- **Your goal**
Where the data below contains pictures, omit them; output the rest word for word.

Start of Block

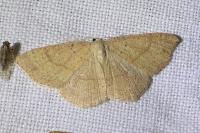 Cyclophora ruficiliaria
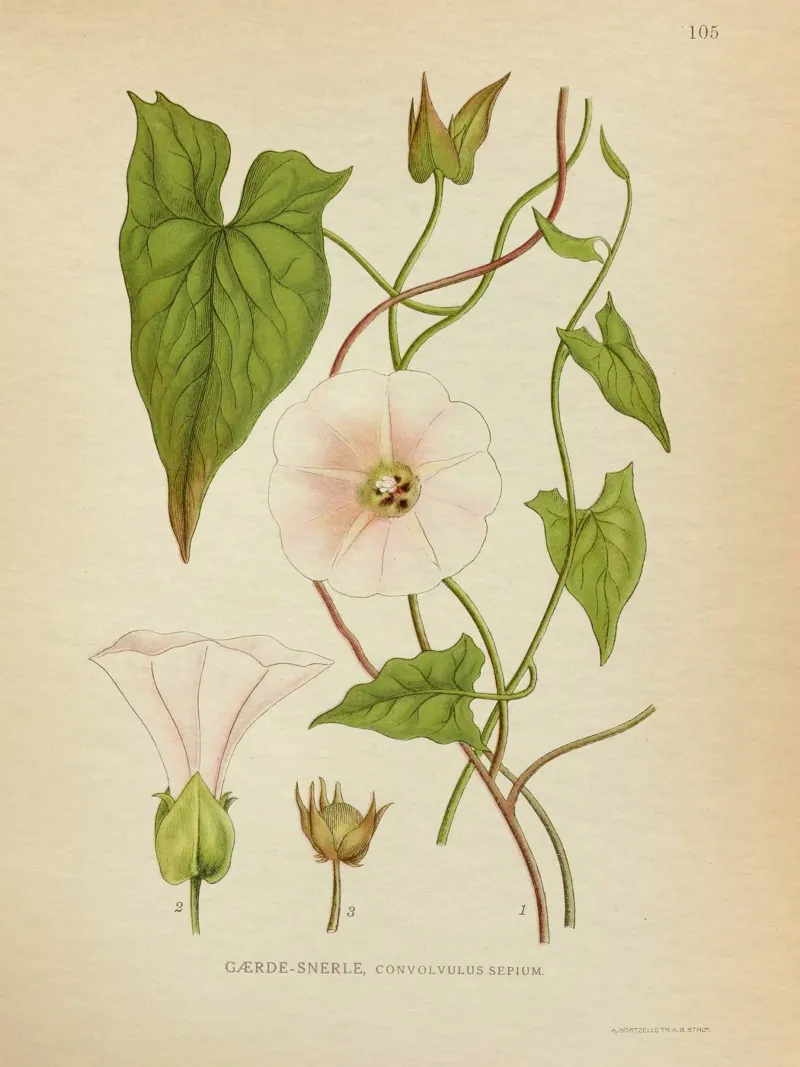 Dainty poster da vintagebotanics
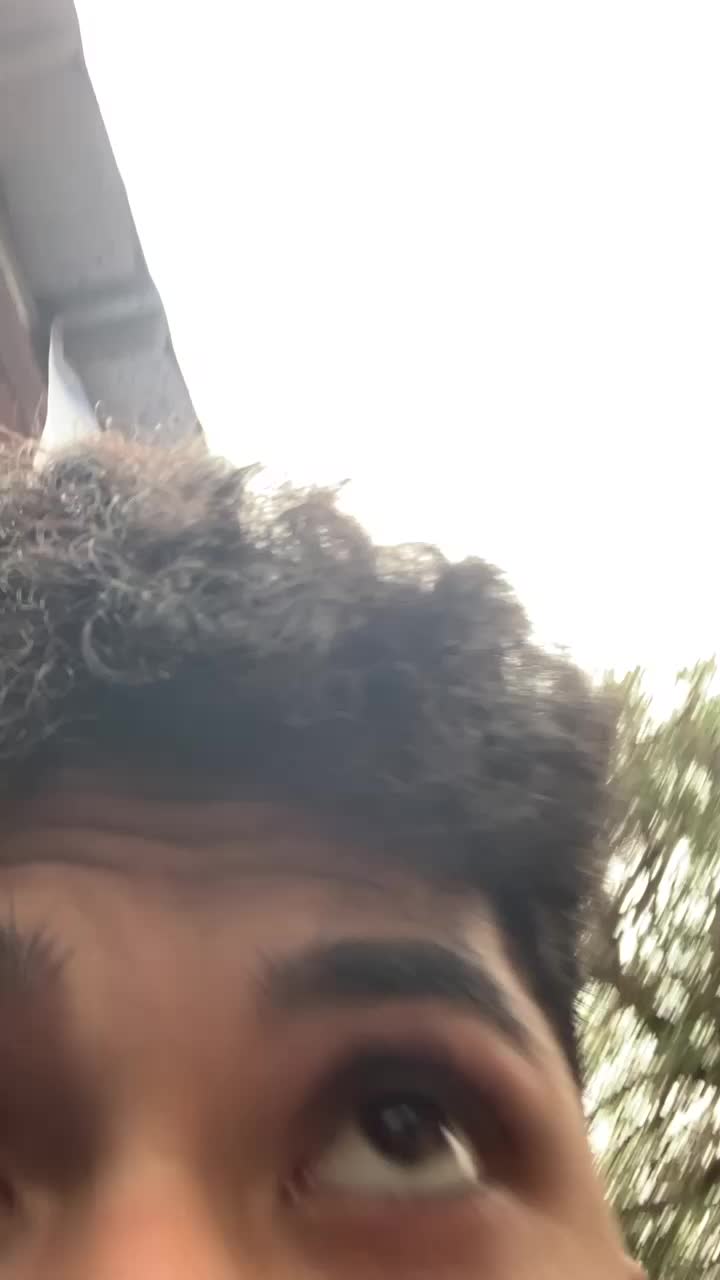 @algiiiiii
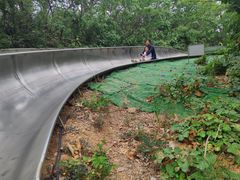 -富斯特索道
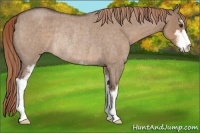 Horse Color:Liver Red Dun Roan Sabino Rabicano
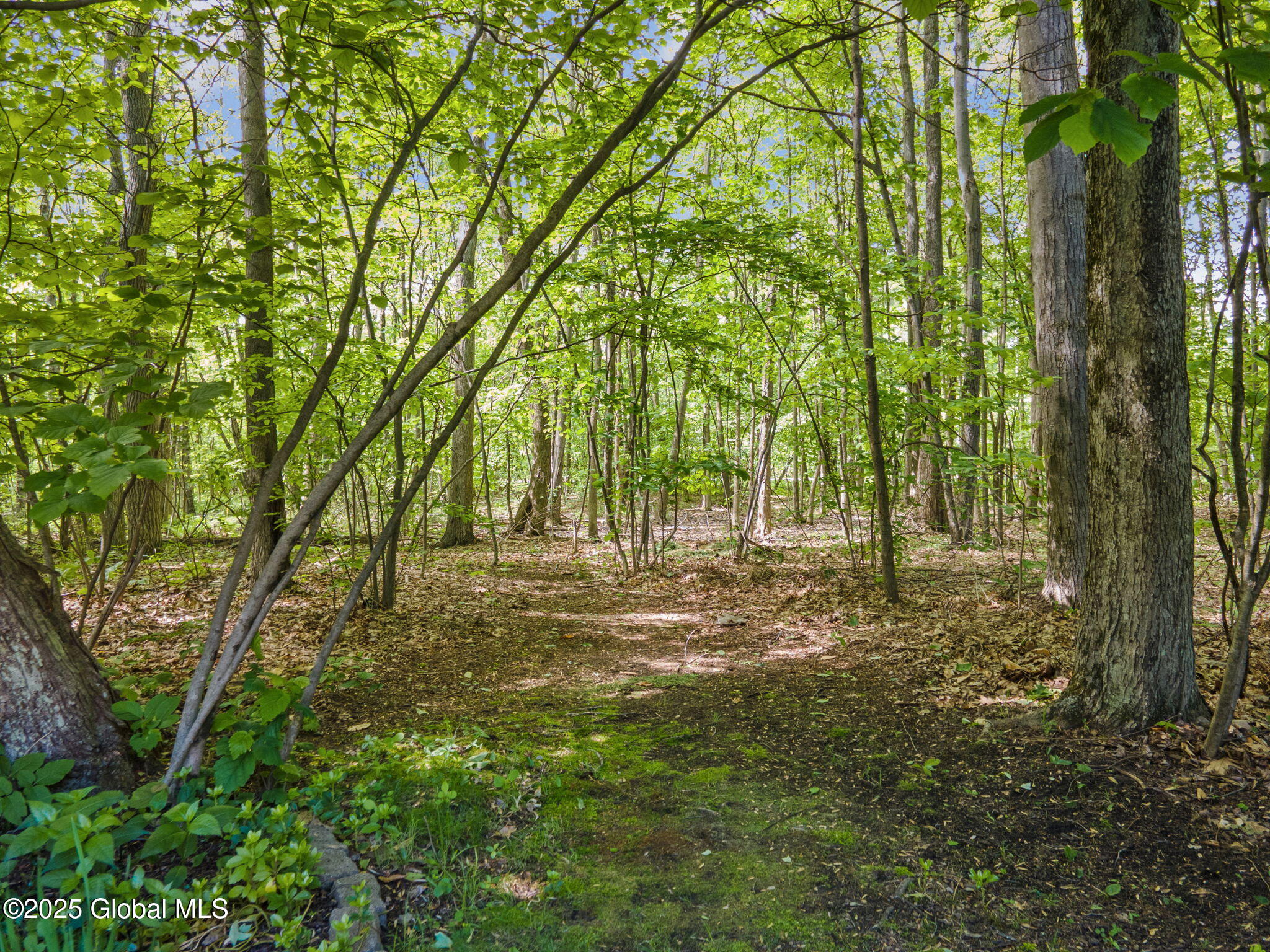 30 Sycamore Street, Ballston Lake, New York image 47
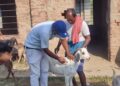 सुखिपुर नगरपालिकाका सबै वडाहरुमा पिपिआर खोप कार्यक्रम सञ्चालन हुदै ।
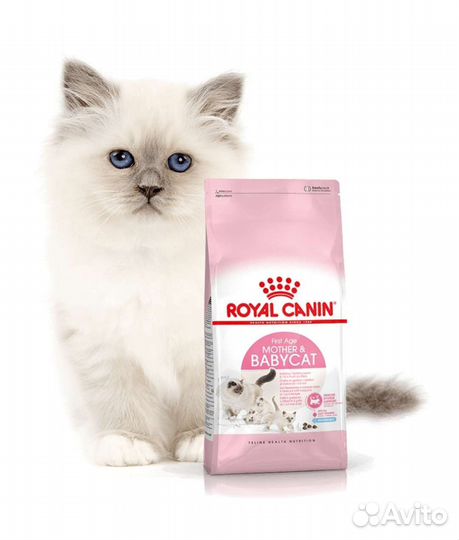 Корм сухой Royal Canin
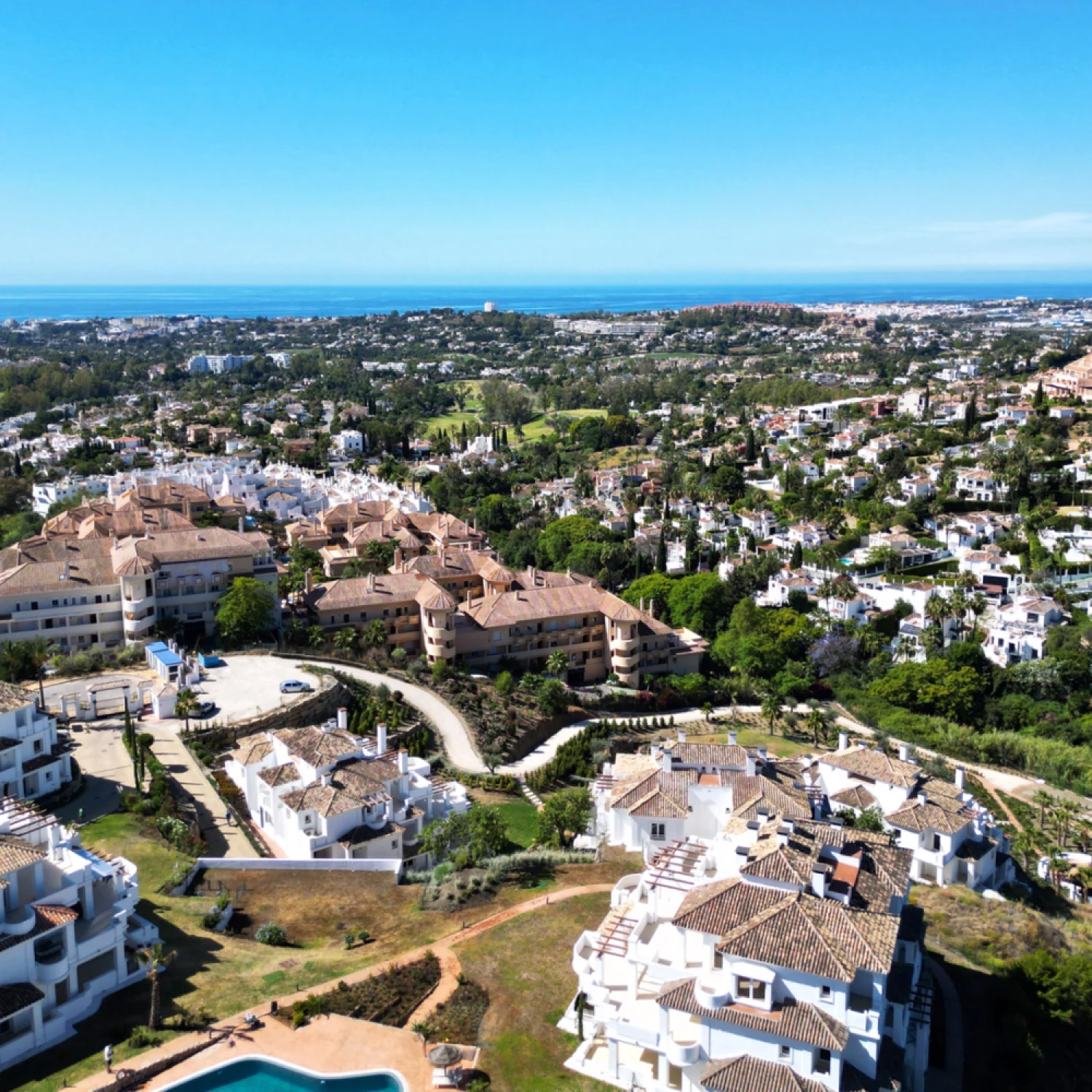 Click to open gallery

End of Block

- **Task result**
 Cyclophora ruficiliaria
 Dainty poster da vintagebotanics
 @algiiiiii
 -富斯特索道
 Horse Color:Liver Red Dun Roan Sabino Rabicano
 30 Sycamore Street, Ballston Lake, New York image 47
 सुखिपुर नगरपालिकाका सबै वडाहरुमा पिपिआर खोप कार्यक्रम सञ्चालन हुदै ।
 Корм сухой Royal Canin
 Click to open gallery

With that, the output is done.